------ SUPPLIED RECORDS
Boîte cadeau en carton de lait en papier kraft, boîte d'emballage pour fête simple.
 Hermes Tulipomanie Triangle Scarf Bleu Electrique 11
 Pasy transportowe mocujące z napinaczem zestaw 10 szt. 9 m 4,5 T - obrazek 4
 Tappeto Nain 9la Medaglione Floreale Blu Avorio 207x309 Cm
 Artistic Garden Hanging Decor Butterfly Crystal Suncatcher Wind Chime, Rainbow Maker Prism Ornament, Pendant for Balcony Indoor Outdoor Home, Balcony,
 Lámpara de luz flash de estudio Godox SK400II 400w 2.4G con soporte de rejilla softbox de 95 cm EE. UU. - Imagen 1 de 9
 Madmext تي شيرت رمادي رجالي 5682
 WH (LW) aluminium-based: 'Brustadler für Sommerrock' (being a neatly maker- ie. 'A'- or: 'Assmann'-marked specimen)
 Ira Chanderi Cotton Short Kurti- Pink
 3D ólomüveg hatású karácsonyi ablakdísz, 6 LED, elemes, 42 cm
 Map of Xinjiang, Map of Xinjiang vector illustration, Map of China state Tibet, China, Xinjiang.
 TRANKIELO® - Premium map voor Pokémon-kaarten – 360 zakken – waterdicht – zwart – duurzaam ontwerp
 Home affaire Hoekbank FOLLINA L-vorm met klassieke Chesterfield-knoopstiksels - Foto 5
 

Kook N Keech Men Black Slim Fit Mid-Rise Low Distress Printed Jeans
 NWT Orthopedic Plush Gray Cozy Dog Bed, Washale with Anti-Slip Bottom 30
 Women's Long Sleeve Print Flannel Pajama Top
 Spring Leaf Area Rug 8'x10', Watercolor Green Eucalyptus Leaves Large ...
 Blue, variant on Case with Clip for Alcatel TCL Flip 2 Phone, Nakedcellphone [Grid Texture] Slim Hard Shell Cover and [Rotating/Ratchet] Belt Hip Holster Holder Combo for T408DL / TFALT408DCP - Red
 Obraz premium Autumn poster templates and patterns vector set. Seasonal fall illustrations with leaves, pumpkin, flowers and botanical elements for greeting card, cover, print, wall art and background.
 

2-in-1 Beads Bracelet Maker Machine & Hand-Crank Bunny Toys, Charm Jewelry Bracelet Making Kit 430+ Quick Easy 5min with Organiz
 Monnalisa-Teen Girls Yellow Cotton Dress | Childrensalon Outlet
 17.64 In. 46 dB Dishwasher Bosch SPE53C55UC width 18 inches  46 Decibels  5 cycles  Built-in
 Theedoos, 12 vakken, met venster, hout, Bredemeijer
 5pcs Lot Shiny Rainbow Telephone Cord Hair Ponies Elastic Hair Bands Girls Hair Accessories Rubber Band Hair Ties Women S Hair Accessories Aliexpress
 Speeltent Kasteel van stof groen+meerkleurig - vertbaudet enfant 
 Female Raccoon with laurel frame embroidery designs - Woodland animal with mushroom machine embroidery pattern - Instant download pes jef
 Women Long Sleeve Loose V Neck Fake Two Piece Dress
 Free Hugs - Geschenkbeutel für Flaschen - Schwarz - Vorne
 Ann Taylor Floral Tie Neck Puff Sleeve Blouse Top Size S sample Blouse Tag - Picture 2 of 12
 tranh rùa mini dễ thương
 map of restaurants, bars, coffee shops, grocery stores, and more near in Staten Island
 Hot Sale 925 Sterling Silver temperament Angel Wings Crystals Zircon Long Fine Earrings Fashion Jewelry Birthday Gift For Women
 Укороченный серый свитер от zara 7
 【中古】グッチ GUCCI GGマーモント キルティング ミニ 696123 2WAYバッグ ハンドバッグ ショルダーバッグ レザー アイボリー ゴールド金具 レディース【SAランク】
------------
ABOUT THIS TASK: Reproduce the lines above, beginning at the line with "Tappeto Nain 9la" and stopping after the line with "WH (LW) aluminium-based: 'Brustadler", exactly as they are.

THE ANSWER:
 Tappeto Nain 9la Medaglione Floreale Blu Avorio 207x309 Cm
 Artistic Garden Hanging Decor Butterfly Crystal Suncatcher Wind Chime, Rainbow Maker Prism Ornament, Pendant for Balcony Indoor Outdoor Home, Balcony,
 Lámpara de luz flash de estudio Godox SK400II 400w 2.4G con soporte de rejilla softbox de 95 cm EE. UU. - Imagen 1 de 9
 Madmext تي شيرت رمادي رجالي 5682
 WH (LW) aluminium-based: 'Brustadler für Sommerrock' (being a neatly maker- ie. 'A'- or: 'Assmann'-marked specimen)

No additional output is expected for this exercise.